Updated on 2025-07-22 GMT+08:00

TPC-H Data Generation

  1. Obtain TPC-H tools from the official website.
  2. Log in to the ECS and run the following commands to create directories for storing the TPC-H tool:

    mkdir -p /data1/script/tpch-kit/tpch1000X
    mkdir -p /data2/script/tpch-kit/tpch1000X

  3. Upload the obtained TPC-H tool to the /data1/script/tpch-kit directory on the ECS and run the following command to decompress the tool:

    Replace tpch_3.0.1.zip with the actual software package name.
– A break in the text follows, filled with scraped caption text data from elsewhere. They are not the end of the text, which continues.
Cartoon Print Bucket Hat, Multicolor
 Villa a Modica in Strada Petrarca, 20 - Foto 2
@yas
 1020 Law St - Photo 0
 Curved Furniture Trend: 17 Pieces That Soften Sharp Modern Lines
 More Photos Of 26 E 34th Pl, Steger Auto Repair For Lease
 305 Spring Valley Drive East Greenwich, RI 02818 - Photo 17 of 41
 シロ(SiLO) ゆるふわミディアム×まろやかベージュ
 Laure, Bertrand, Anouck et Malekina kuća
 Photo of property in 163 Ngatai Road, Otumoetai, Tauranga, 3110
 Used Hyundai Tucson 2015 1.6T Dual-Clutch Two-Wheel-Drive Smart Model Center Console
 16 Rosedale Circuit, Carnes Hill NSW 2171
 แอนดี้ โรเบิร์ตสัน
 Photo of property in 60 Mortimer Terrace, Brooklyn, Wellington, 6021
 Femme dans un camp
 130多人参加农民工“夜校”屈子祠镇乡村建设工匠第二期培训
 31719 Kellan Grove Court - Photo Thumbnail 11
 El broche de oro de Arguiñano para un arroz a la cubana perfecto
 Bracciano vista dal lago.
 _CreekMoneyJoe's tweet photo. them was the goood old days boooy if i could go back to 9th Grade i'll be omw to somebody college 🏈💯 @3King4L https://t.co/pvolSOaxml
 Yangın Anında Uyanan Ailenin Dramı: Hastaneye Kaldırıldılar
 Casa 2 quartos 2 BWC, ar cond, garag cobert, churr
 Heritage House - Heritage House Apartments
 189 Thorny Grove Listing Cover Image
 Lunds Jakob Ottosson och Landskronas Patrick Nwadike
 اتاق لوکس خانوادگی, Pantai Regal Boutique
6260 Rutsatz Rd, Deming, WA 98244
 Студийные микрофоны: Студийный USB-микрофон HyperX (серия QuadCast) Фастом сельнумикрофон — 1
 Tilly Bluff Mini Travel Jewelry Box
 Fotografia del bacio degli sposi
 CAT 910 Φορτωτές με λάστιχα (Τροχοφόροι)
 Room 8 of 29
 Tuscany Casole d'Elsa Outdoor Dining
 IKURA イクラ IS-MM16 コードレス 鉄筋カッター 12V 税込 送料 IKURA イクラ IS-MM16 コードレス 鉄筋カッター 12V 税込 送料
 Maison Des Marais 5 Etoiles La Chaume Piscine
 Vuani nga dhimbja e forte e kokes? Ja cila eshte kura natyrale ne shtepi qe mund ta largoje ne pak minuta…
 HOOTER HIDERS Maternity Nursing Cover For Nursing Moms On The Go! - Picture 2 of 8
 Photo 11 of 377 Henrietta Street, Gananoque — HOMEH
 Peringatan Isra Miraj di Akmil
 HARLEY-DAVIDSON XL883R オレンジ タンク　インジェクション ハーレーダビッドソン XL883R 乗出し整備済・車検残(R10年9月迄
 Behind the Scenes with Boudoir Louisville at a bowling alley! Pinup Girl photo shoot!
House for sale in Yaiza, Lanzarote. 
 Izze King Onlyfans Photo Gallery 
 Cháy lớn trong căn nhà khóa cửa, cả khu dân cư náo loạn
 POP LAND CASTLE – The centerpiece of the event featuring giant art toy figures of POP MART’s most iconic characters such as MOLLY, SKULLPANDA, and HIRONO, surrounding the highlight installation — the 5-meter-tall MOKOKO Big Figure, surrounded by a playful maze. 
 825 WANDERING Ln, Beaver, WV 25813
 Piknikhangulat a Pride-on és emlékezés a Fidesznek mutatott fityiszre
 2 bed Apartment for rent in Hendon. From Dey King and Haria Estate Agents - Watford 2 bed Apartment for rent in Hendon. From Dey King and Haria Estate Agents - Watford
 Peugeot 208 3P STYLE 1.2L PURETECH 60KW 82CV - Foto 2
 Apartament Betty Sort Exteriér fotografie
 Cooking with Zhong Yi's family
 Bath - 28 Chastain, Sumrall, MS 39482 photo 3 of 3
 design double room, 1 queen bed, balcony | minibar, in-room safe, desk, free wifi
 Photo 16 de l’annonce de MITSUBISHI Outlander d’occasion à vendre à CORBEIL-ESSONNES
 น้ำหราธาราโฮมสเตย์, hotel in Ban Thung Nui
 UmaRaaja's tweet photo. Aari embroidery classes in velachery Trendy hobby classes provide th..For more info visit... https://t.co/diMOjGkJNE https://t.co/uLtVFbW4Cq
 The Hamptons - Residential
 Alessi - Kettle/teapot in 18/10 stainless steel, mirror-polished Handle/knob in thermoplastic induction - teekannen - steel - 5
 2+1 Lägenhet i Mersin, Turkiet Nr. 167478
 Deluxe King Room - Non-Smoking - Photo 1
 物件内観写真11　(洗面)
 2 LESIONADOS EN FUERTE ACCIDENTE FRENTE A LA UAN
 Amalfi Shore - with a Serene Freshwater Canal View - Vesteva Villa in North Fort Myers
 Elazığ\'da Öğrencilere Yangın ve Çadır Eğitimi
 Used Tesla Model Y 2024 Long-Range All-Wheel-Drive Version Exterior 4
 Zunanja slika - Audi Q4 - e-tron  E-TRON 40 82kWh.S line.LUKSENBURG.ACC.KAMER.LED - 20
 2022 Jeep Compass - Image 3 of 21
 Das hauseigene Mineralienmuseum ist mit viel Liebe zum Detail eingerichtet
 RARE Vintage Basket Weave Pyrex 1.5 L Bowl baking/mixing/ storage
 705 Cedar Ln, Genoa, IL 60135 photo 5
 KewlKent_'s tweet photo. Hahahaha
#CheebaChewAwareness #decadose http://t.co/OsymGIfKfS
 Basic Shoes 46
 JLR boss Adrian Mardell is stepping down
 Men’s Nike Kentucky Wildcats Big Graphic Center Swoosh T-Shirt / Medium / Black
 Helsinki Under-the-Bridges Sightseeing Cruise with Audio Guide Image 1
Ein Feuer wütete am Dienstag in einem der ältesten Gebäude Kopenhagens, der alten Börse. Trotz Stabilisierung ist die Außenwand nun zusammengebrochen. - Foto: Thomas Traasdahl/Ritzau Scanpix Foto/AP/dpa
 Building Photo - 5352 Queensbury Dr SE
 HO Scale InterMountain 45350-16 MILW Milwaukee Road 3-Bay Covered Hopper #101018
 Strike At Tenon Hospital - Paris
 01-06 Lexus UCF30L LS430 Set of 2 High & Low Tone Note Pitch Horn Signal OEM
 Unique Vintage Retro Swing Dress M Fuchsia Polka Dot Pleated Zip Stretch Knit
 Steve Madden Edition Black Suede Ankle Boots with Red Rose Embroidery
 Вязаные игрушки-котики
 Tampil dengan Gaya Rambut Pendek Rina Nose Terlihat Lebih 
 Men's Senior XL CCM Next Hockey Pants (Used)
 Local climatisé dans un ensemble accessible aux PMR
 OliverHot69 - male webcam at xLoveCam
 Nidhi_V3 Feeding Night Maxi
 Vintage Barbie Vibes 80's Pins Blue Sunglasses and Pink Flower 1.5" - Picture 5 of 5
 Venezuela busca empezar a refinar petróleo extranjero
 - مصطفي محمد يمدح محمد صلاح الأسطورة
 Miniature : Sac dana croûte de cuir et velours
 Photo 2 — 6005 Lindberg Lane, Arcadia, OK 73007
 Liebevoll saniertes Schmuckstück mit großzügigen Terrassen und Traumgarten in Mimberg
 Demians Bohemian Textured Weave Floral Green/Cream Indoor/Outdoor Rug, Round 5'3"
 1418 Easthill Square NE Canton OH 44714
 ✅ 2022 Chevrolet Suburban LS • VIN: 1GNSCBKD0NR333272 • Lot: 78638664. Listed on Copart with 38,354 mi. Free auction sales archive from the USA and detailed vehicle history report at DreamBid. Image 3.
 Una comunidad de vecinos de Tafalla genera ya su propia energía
    cd /data1/script/tpch-kit && unzip tpch_v3.0.1.zip

  4. Compile and generate the data construction tool dbgen.

    Before compilation, modify the makefile.suite and tpcd.h files in the dbgen directory.

    1. Modify the makefile.suite file.
      #Change the parameters of makefile.suite as follows (from line 103 to line 111):
      CC      = gcc
      # Current values for DATABASE are: INFORMIX, DB2, TDAT (Teradata)
      #                                  SQLSERVER, SYBASE, ORACLE, VECTORWISE
      # Current values for MACHINE are:  ATT, DOS, HP, IBM, ICL, MVS,
      #                                  SGI, SUN, U2200, VMS, LINUX, WIN32
      # Current values for WORKLOAD are:  TPCH
      DATABASE = POSTGRESQL     #The specified parameter of the program does not contain postgresql, which indicates the PostgreSQL script. Add this parameter in tpcd.h to add this script.
      MACHINE = LINUX
      WORKLOAD = TPCH
    2. Modify the tpcd.h file.
      //Add the following statements to the tpcd.h file:
      #ifdef POSTGRESQL
      #define GEN_QUERY_PLAN  "EXPLAIN"
      #define START_TRAN      "BEGIN TRANSACTION"
      #define END_TRAN        "COMMIT;"
      #define SET_OUTPUT      ""
      #define SET_ROWCOUNT    "LIMIT %d\n"
      #define SET_DBASE       ""
      #endif /* POSTGRESQL */
      $ cd TPC-H_Tools_v3.0.1/dbgen
      $ cp makefile.suite makefile
      $ make -f makefile
      $ cp -R /data1/script/tpch-kit/TPC-H_Tools_v3.0.1/ /data2/script/tpch-kit/

  5. Log in to the ECS and generate TPC-H 1000X data. In this example, TPC-H 1000X data is generated on two data disks synchronously.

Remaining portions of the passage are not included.